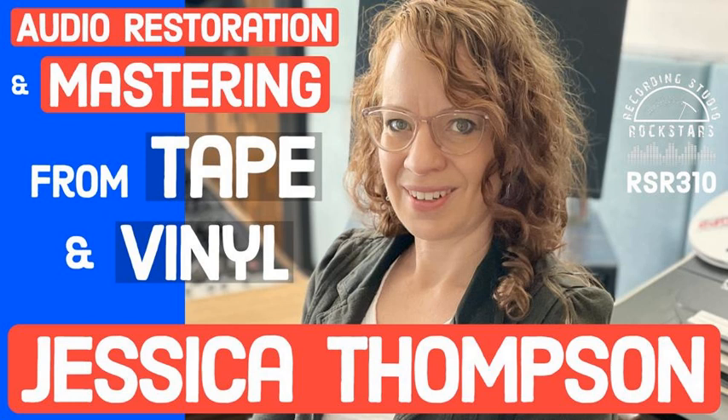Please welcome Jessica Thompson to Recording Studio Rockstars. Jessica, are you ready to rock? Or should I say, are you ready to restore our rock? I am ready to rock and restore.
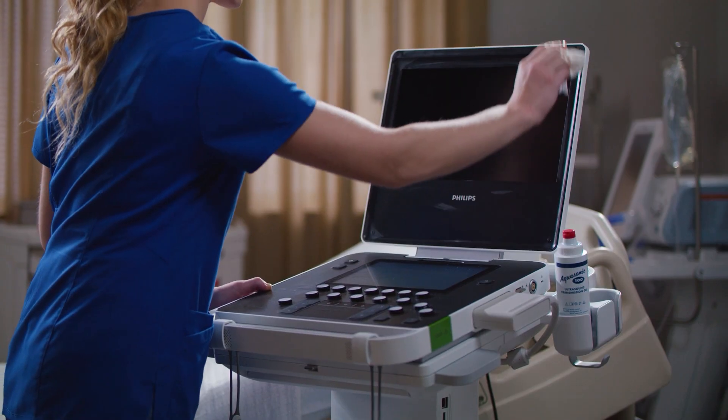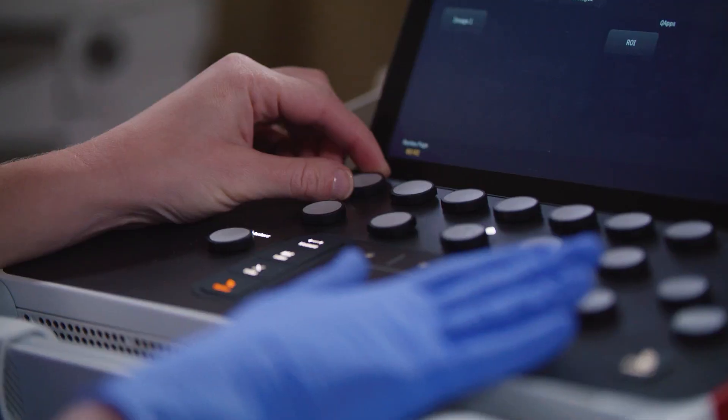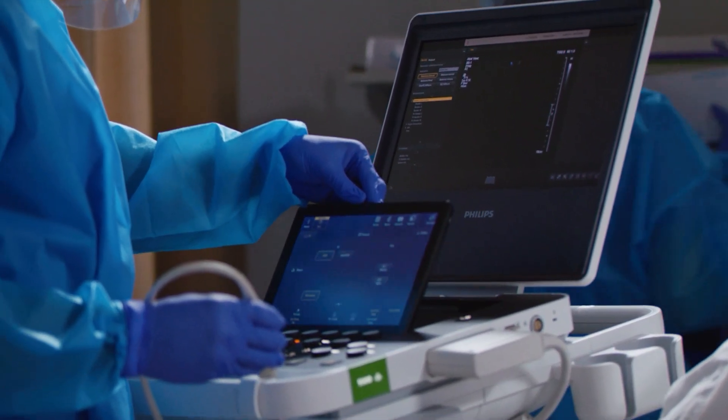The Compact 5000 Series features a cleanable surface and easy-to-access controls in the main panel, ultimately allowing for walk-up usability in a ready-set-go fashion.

★ ★ ★ ★ ★ ★ ★

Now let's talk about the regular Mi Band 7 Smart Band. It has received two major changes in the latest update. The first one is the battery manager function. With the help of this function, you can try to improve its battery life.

★ ★ ★ ★ ★ ★ ★

For this exercise, reproduce exactly the lines of the records above from the one with "Please welcome Jessica" up to and including the one with "The Compact 5000", without pictures.

WRITTEN RESPONSE:
Please welcome Jessica Thompson to Recording Studio Rockstars. Jessica, are you ready to rock? Or should I say, are you ready to restore our rock? I am ready to rock and restore.
The Compact 5000 Series features a cleanable surface and easy-to-access controls in the main panel, ultimately allowing for walk-up usability in a ready-set-go fashion.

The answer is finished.